Encendió la radio y dijo:
–¿Harry? Soy el sheriff Hazen, de Medicine Creek. Oye, que es importante. Es sobre los asesinatos. ¿Conoces a alguien de la delegación del FBI en Dodge que pueda hacerme un favor? Eso, un pez gordo. Es lo que necesito. –Escuchó y asintió con la cabeza–. Muchas gracias, Harry.
Al colgar la radio, vio la cara de Ridder en la ventanilla, irritada por el calor.
–Espero que sepas lo que haces, Hazen. Nos jugamos el futuro de Medicine Creek.
Sonrió.
–Que se te cumplan todos tus sueños, Art.
Arrancó y puso el voluminoso coche patrulla rumbo al este, a Dodge.

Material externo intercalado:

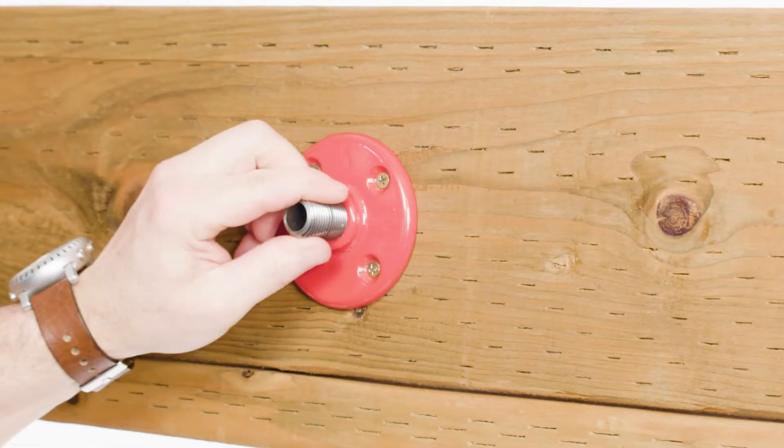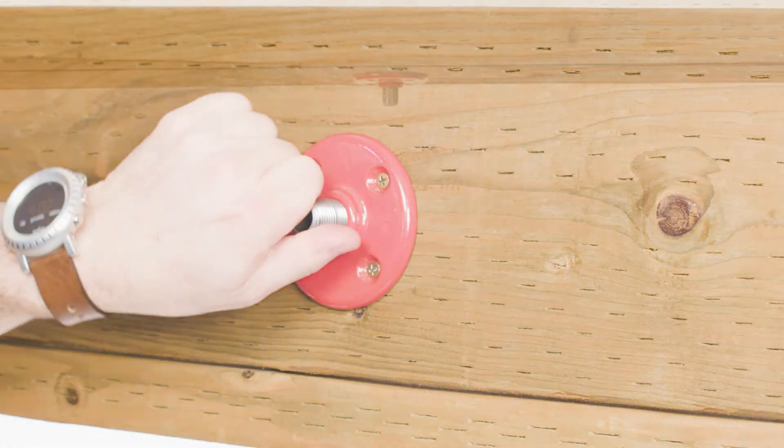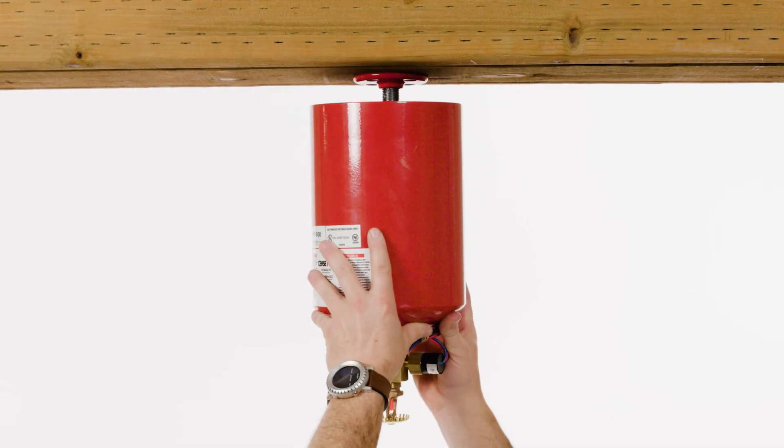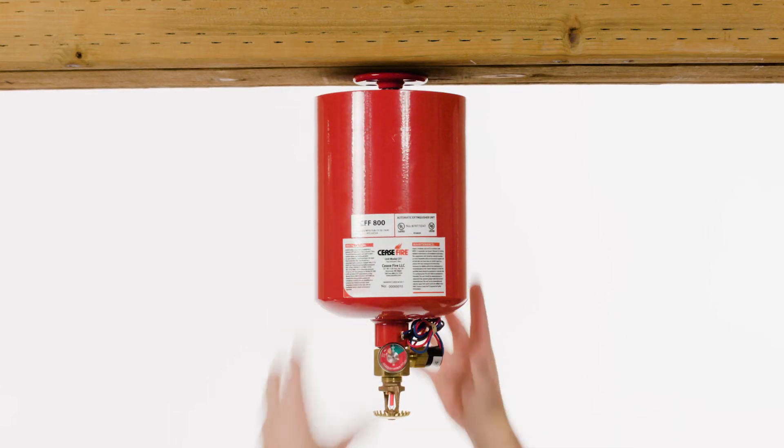Once the base has been fixed to the ceiling, screw the threaded adapter into the hanger flange until snug. Now bring the base of the unit up to meet the threaded adapter. Take care to properly align the unit base with the adapter. Rotate the unit in a clockwise direction until the unit is secure.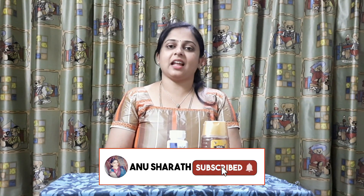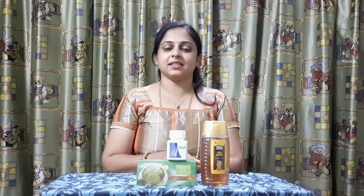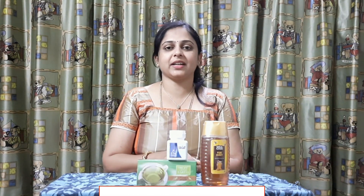If you like my products, you will be able to get your products. If you like and share, you will be able to contact me and I will be able to help you. Please like, comment, and subscribe. Thank you friends.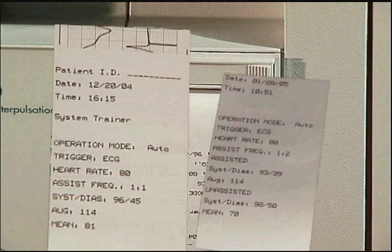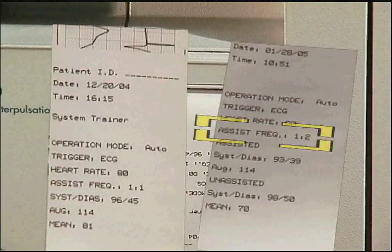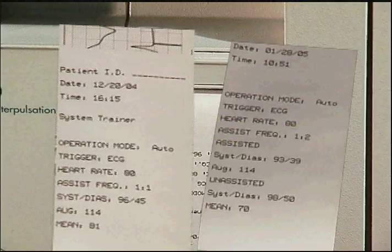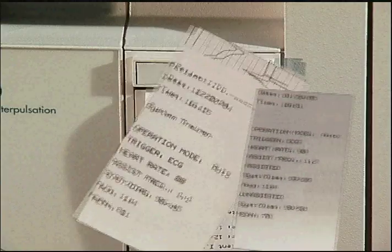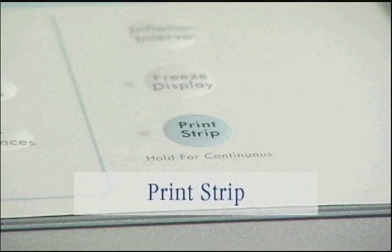When 1-2 or 1-3 is selected as the IAB frequency, the recorder will print both assisted and unassisted systolic and diastolic pressure information. To create a static printout, press the PRINT STRIP key here.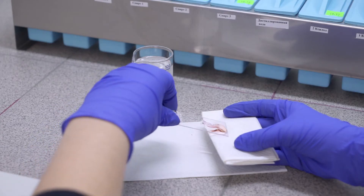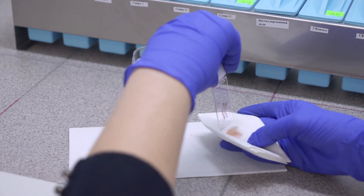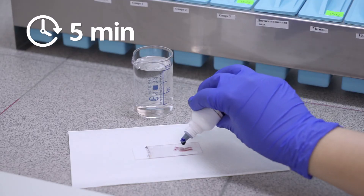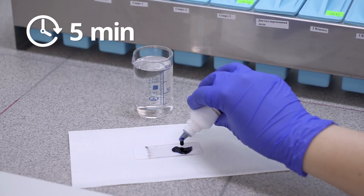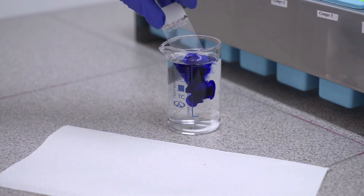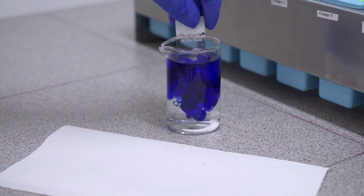Dry slides without washing and put on them solution F — Masson's Aniline Blue — for 5 minutes. Wash slides in distilled water and then rehydrate, clear and coverslip them.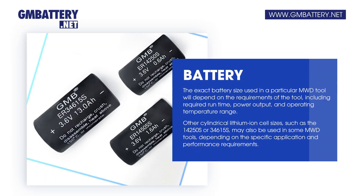The exact battery size used in a particular MWD tool will depend on the requirements of the tool, including required runtime, power output, and operating temperature range. Other cylindrical lithium-ion cell sizes, such as the 14250S or 34615S, may also be used in some MWD tools, depending on the specific application and performance requirements.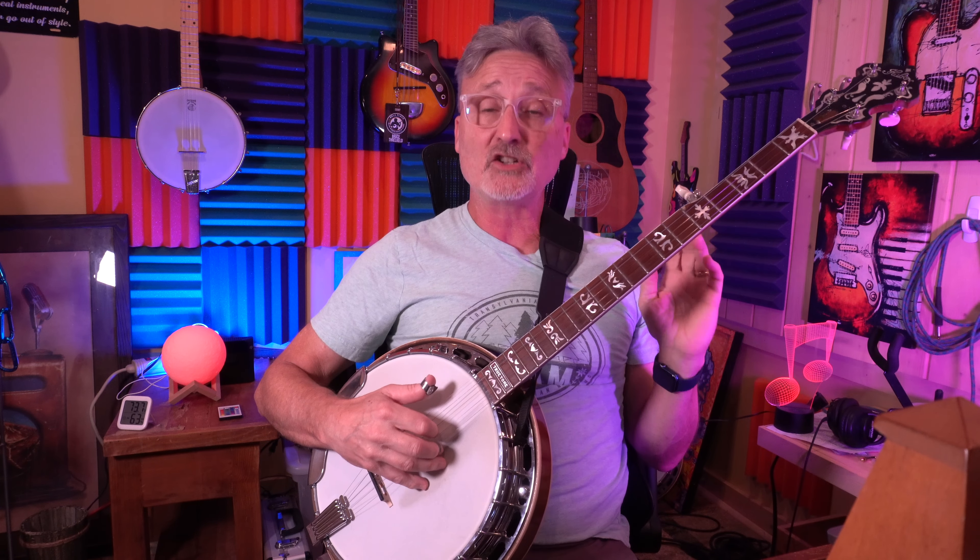As you're playing in a jam situation, you don't want to necessarily go as loud as you can, especially when somebody else is taking a break or when somebody is singing. In that case, you want to alter your volume. Get a recorder and record yourself, because you can really understand better how loud you're playing and also how accurate your roll is when you record yourself and listen back.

Smit Ludwig estaba en la barra del bar de Maisie, desconsolado; un grupo de reporteros muy ruidosos de AP (o del
National Enquirer,
o del
Weekly World News)
le había robado su esquina de siempre, pero daba igual, porque el bar bullía de periodistas y vecinos que debían de considerarlo el sitio ideal para buscar noticias frescas, serenidad y teorías de todos los colores. Con cada asesinato habían venido más reporteros, y para estancias más largas; pero no eran solo ellos quienes hacían que el local se hallase (cosa rara) al máximo de su capacidad. También estaban la mujer de Bender Lang con su grupo de bellezas de cabello azulado, Ernie, el mecánico, en una mesa con sus colegas, y Swede Cahill, que por un día había cerrado el Wagón Wheel. Ni siquiera faltaban los de Gro-Bain, repartidos en dos mesas, una de trabajadores y otra de directivos. El bar estaba abarrotado, y con un nivel de ruido propio de un club de Nueva York. La única ausencia de relieve era la de Art Ridder. Ludwig se preguntó adonde acudir para el seguimiento de la noticia, después de aquel pinito de auténtico periodista que, aunque modesto, le había gustado mucho. Ya había contado la maldición de los Cuarenta y Cinco, escrito sobre la Matanza Fantasma y referido cualquier cotilleo del pueblo que fuera en la misma dirección. El hecho de que a Gasparilla le hubieran arrancado el cuero cabelludo con una especie de cuchillo primitivo, sumado a la aparición de flechas junto al cadáver de Swegg, hacían funcionar a tope la fábrica de rumores. Ludwig ya había escrito artículos sobre los asesinatos y el jaleo de la iglesia, y tenía listo el de la desaparición de Chauncy, pero quería dar un paso más, y necesitaba nuevo material; lo necesitaba, además, para el día siguiente.